The team mixed 4,000 lbs of cement for new floors in two houses and prepared the base; a church-hired mason poured the floors. Most village homes are constructed of branches and scrap wood and metal and often have earthen floors or floors of broken, deteriorated cement, so a concrete floor is a significant upgrade and joy for a household. This was not lost on the boys. Said Pastor Jeff, "We talked together one night about how in just two days--the time it took to take out the broken, rat-infested flooring and pour a new cement floor--they significantly improved a family's life for a generation. It was poignant." 

Hunter, 17, and Jack spoke about their experiences to the congregation recently, describing some eye-opening moments. Hunter said, "They were a lot poorer than I had imagined, lacking everyday necessities, like a kitchen and bathroom in their house. For a bathroom all they had was a bucket under a plywood roof out back."

The villagers accepted the team's help and were gracious, he added. "As we were leaving, one guy kept saying 'God bless you', when in reality we were trying to bless him because he was more needy." Said Jack, "They were so happy, considering how little they had, not even $5." And they were hard workers, too, he noted, recalling meeting an 11-year-old boy who worked every day as a busboy at a restaurant, commuting on a motorcycle he drove himself.

The team challenged the congregation to raise $2000 to put a new roof on one of the houses to replace the rusted scrap metal roof that let the rain in. The scrap board walls also need many repairs. "I'm glad we could make a positive contribution," Jack said. "But there's lots more to be done." (Contributions for the Teen Mission Team Challenge may be sent to: Reformed Church of the Tarrytowns, 42 North Broadway, Tarrytown, N.Y. 10591.
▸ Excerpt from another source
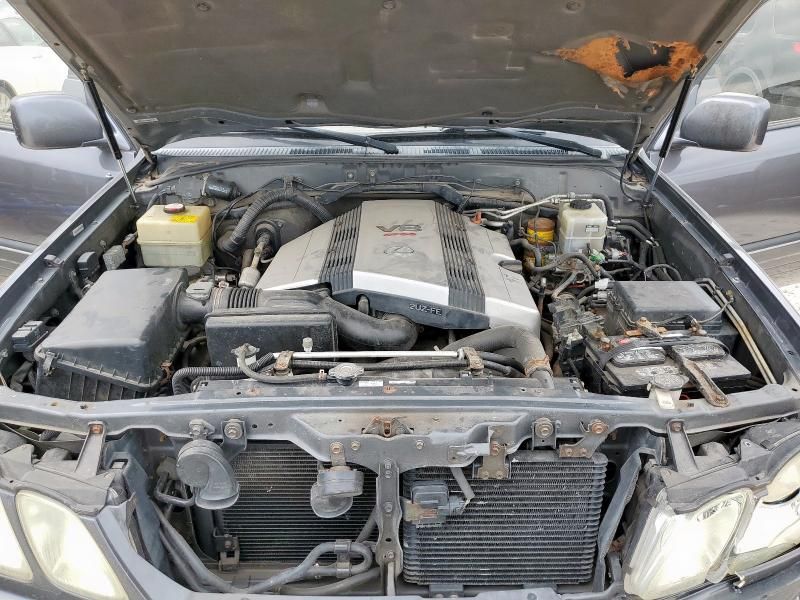 2003 Lexus LX 470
 This was the second mission trip to the Dominican Republic led by Pastor Jeff since his arrival at the Reformed Church of the Tarrytowns five years ago. In 15-plus years of leading mission teams, he said, this team worked together as well as any he'd ever led. "The kids were great, just amazing." Mission trips are an invaluable learning experience, he said, giving the teens a cultural awareness of the families of the Dominican Republic and the struggles and challenges they face every day.